VIOLÊNCIA EM SALÃO DE BELEZA

Cliente que agrediu cabeleireiro com faca em SP enviou mensagens com ameaças e ofensas

Conversas divulgadas mostram que agressora ameaçou cabeleireiro semanas antes do ataque; defesa aponta motivação homofóbica.

Publicado em 08/05/2026 às 11:06
Imagem ilustrativa gerada por inteligência artificial Nano Banana (Google Imagen)

Mensagens atribuídas a uma mulher presa após tentar esfaquear um cabeleireiro em um salão de beleza na Barra Funda, zona oeste de São Paulo, indicam que ela já havia ameaçado o profissional semanas antes da agressão ocorrida na última terça-feira, 5.

Conversas divulgadas pelo advogado do cabeleireiro Eduardo Ferrare, nas redes sociais, revelaram ofensas e ameaças enviadas por WhatsApp após uma reclamação de cliente por resultado de um corte de cabelo.

"Minha vontade era de ir aí e colocar fogo em você", escreveu a mulher em uma das mensagens enviadas em 14 de abril.
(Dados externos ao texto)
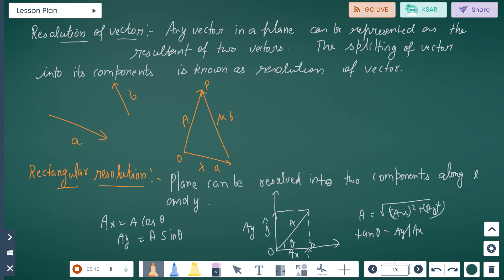Resolution of vectors: any vector in a plane can be represented as the resultant of two vectors. This splitting of a vector into its components is known as resolution of vectors — splitting the vector into its components is called resolution of vectors.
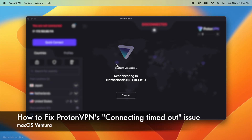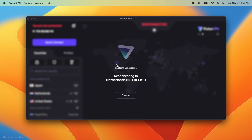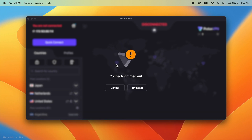Hello and welcome. This tutorial shows you how to fix the Proton VPN connecting timeout issue in macOS Ventura.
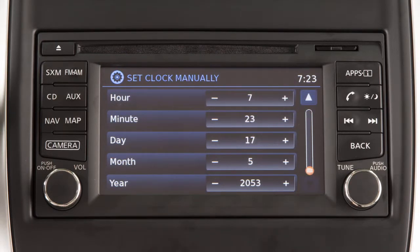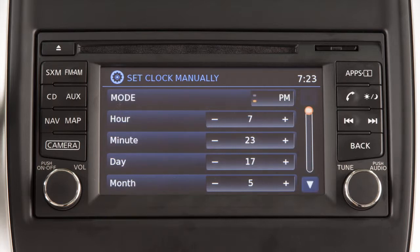If a list extends past one page, you can also touch the screen in this area to scroll through the available items. To return to the previous screen, press the back button on the control panel.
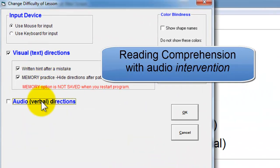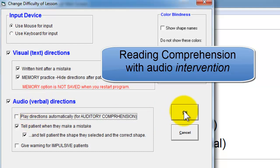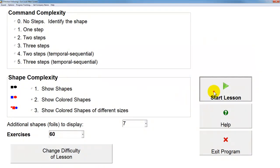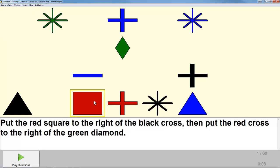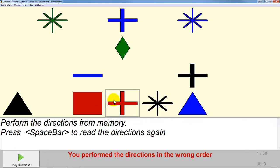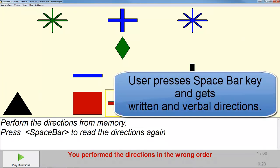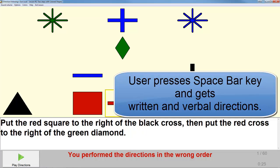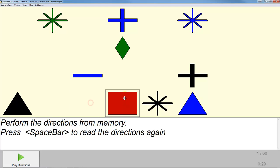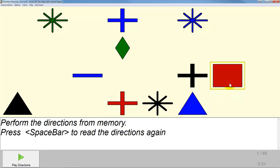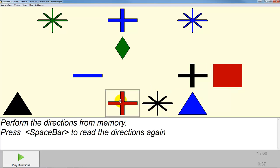Now we'll do some reading comprehension where the audio is there only to help the patient as an intervention strategy. They can also hear the instruction spoken by clicking the play directions button. You are performing the directions in the wrong order — that is a red cross, you should be moving the red square. Put the red square to the right of the black cross, then put the red cross to the right of the green diamond.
Em outro trecho, ela chama o cabeleireiro de "viado infeliz" e afirma que o profissional teria cortado seu cabelo sem autorização. "Parece que estou de corte químico de tão ralo", desabafa em uma sequência de reclamações.
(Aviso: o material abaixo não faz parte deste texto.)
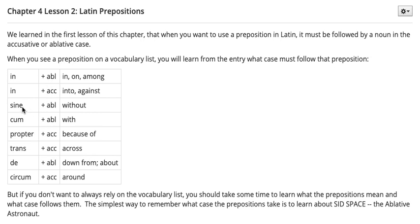So 'sine,' which means 'without,' has to be followed by a noun in the ablative case. 'Propter,' which means 'because of,' has to be followed by a noun in the accusative case. That's what that means.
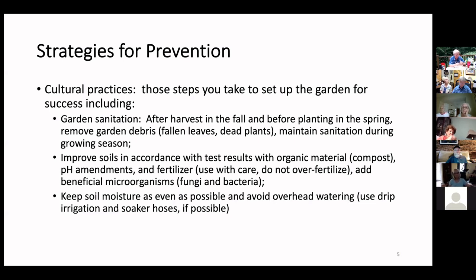I only use organic fertilizers anymore because they tend to be slower in getting into things, they're natural substances, and they just don't have the same impact that chemical fertilizers can have.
Segundo a advogada de Ferrare, Quecia Montino, o conteúdo das mensagens reforça as hipóteses de premeditação da agressão . Em publicações nas redes sociais, a defesa afirma que um cliente não tentou resolver o impasse de forma amigável e passou a agir de maneira hostil após o salão se recusar a devolver o valor pago pelo serviço.

De acordo com o salão, a mulher esteve no local em 7 de abril para fazer mechas no cabelo. Ela teria manifestado o desejo de ficar "extremamente loira", mas foi orientada a optar pela técnica "morena iluminada", considerada mais adequada para evitar danos aos fios.

O estabelecimento afirma ainda que recomendo tratamentos capilares e um corte para preservar a saúde do cabelo, mas o cliente teria recusado os procedimentos adicionais para não poder arcar com os custos extras. Assim, apenas os mecanismos foram realizados.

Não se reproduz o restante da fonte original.